TASK PROMPT - Exactly as written, retype the lines that run from the line holding "SAMBUTAN: Bupati Kudus" through the end of the records below. Do not include pictures.

DATA FOR ANALYSIS -
"""

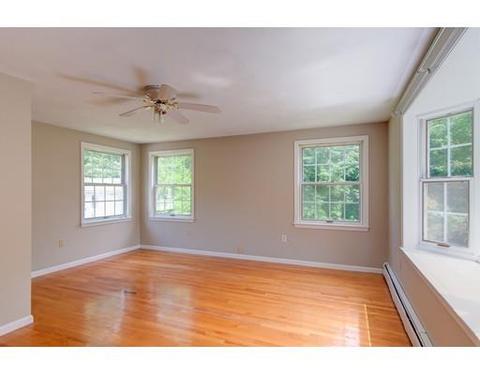 16 Wheeler Ave, Worcester, MA 01609 photo 11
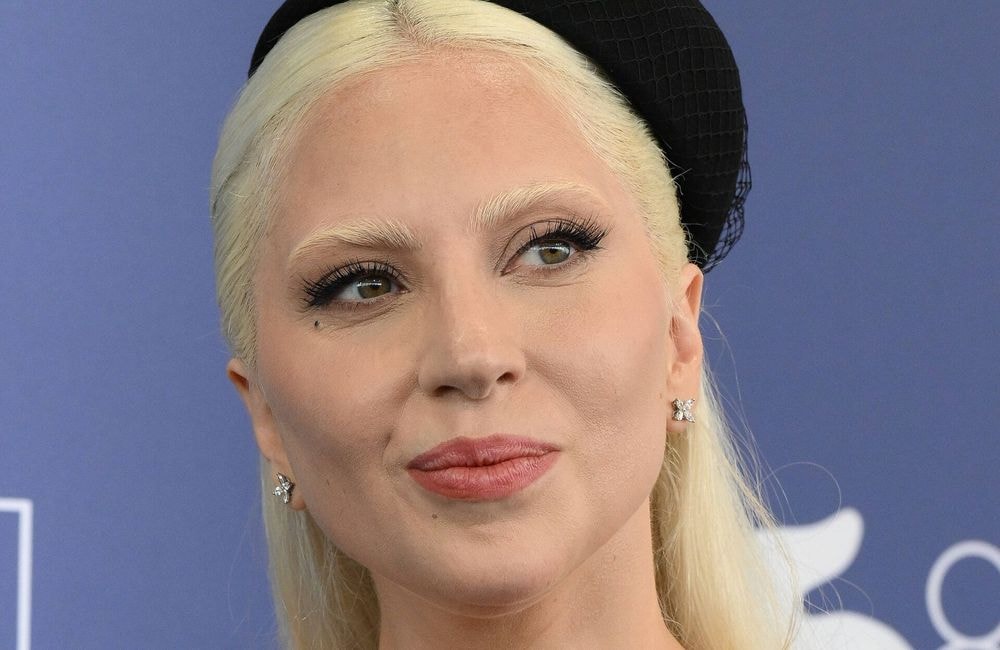 Les meilleurs conseils de l’esthéticienne de Lady Gaga pour prendre soin de sa peau après 40 ans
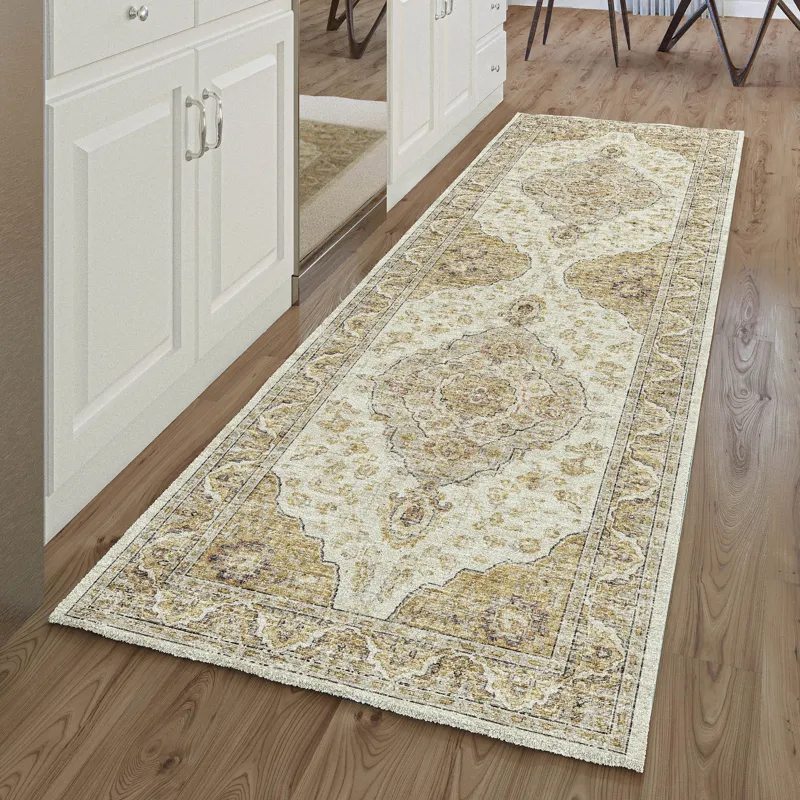 Tuscany Gold 2\'6\" x 8\' Runner Rug
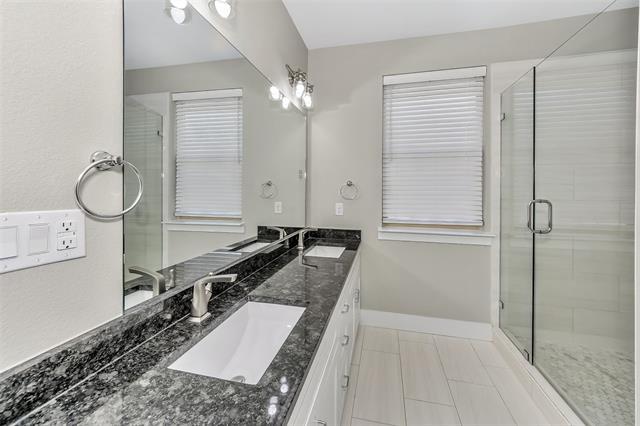 Building Photo - 3604 Aaron Pl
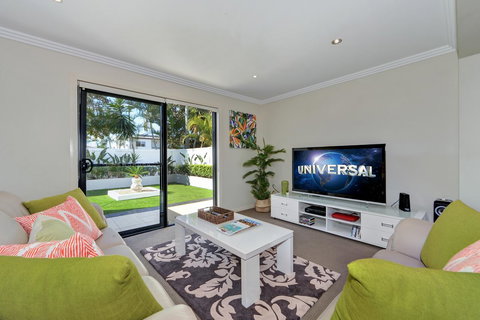 Casa Mexicali - Redcliffe Tourism 17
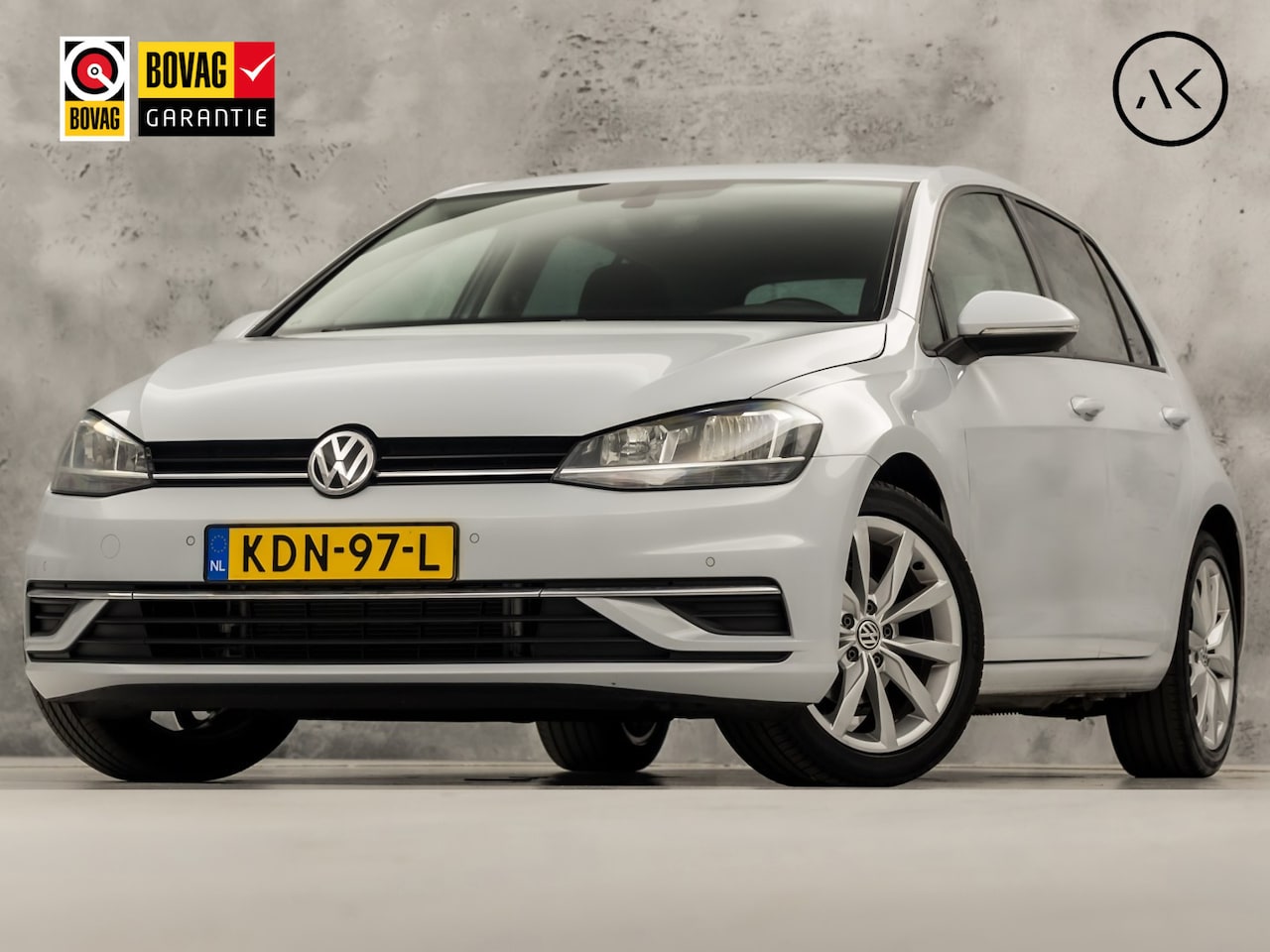 Volkswagen Golf - 1.0 TSI Sportline 110Pk (APPLE CARPLAY, CLIMATE, CAMERA, GETINT GLAS, SPORTSTOELEN, LM VEL - AutoWereld.nl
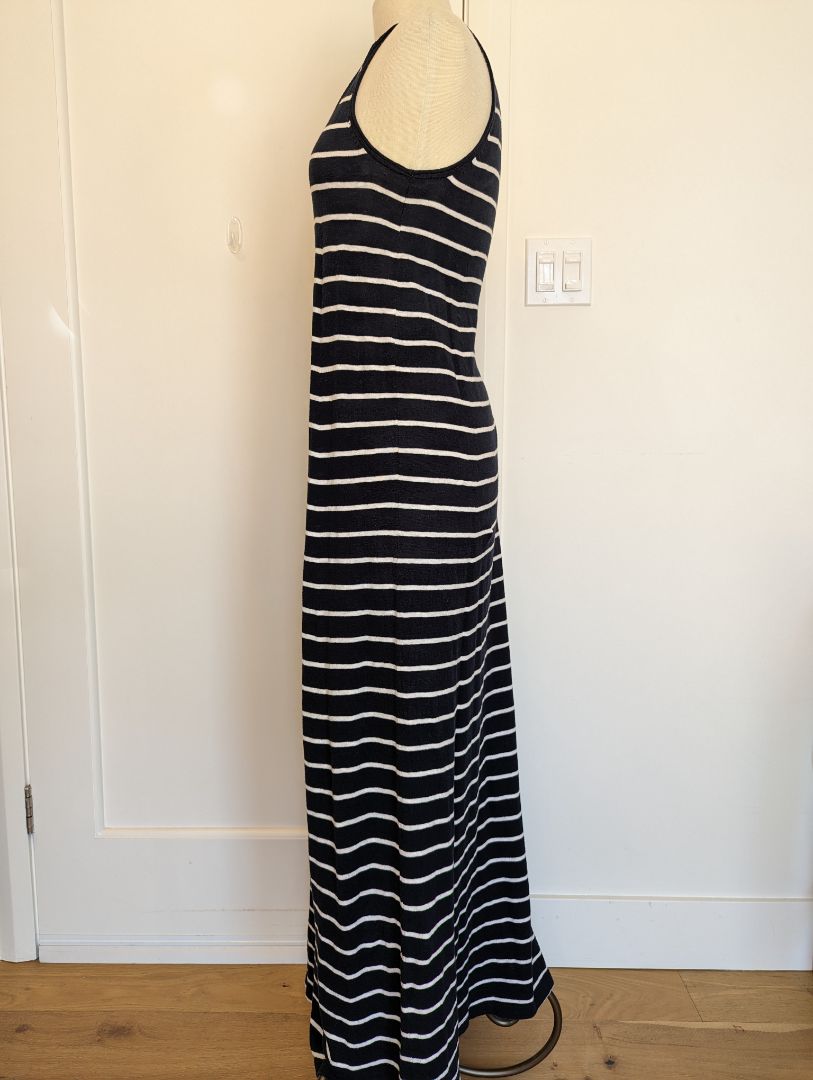 Vince Size: M Maxi Dress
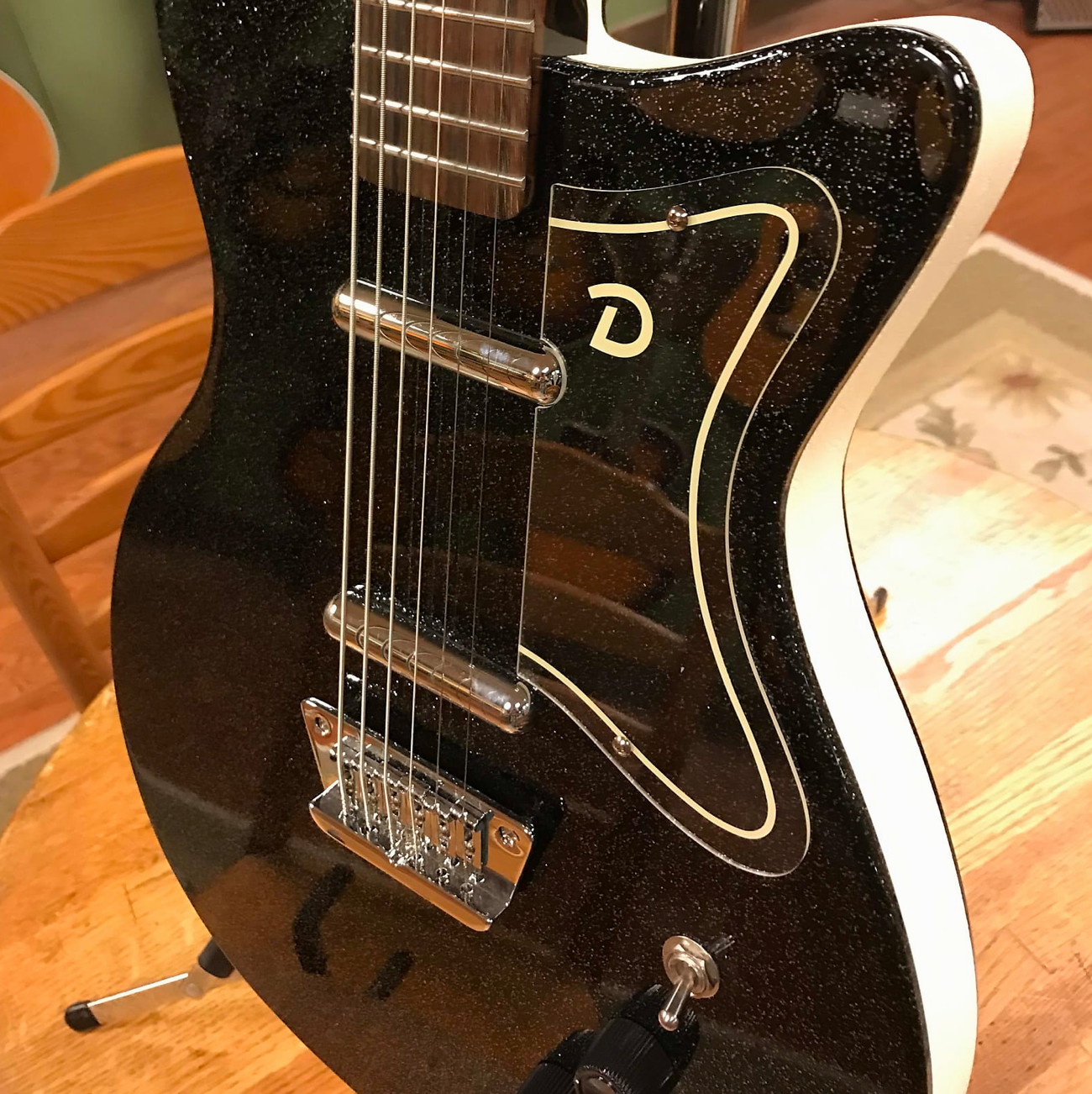 Danelectro '56 Baritone Black Sparkle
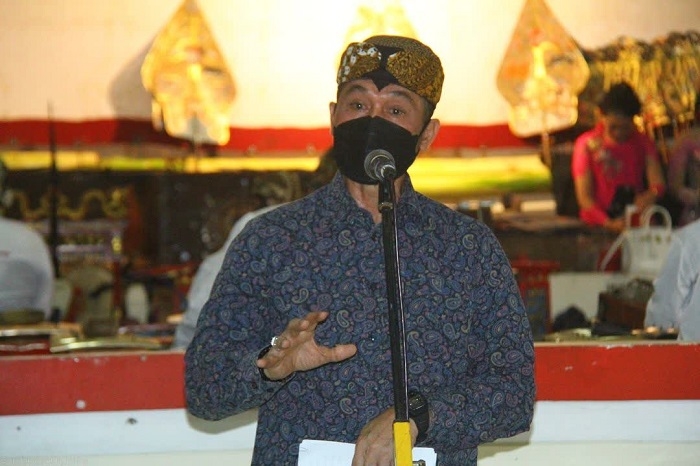 SAMBUTAN: Bupati Kudus HM Hartopo memberikan sambutan dalam acara Pelantikan Pengurus PEPADI Kudus Masa Bakti 2021-2026 di Taman Budaya Sosrokartono, beberapa waktu lalu. (Istimewa / Lingkarjateng.id)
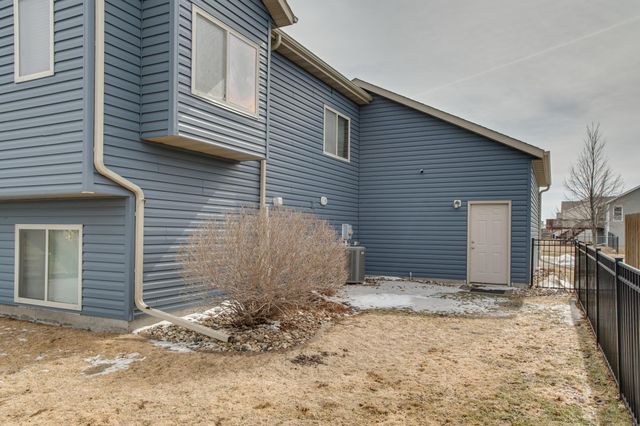 1610 42nd Avenue S, Moorhead, MN 56560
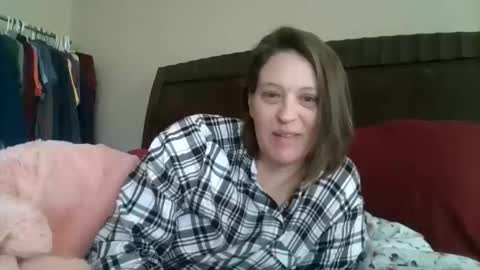 Snapshot of jennibean6996 chatting on 02-01-26, 01:42 Jennibean6996 online show from 02-01-26, 01:42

"""

EXERCISE ANSWER -
 SAMBUTAN: Bupati Kudus HM Hartopo memberikan sambutan dalam acara Pelantikan Pengurus PEPADI Kudus Masa Bakti 2021-2026 di Taman Budaya Sosrokartono, beberapa waktu lalu. (Istimewa / Lingkarjateng.id)
 1610 42nd Avenue S, Moorhead, MN 56560
 Snapshot of jennibean6996 chatting on 02-01-26, 01:42 Jennibean6996 online show from 02-01-26, 01:42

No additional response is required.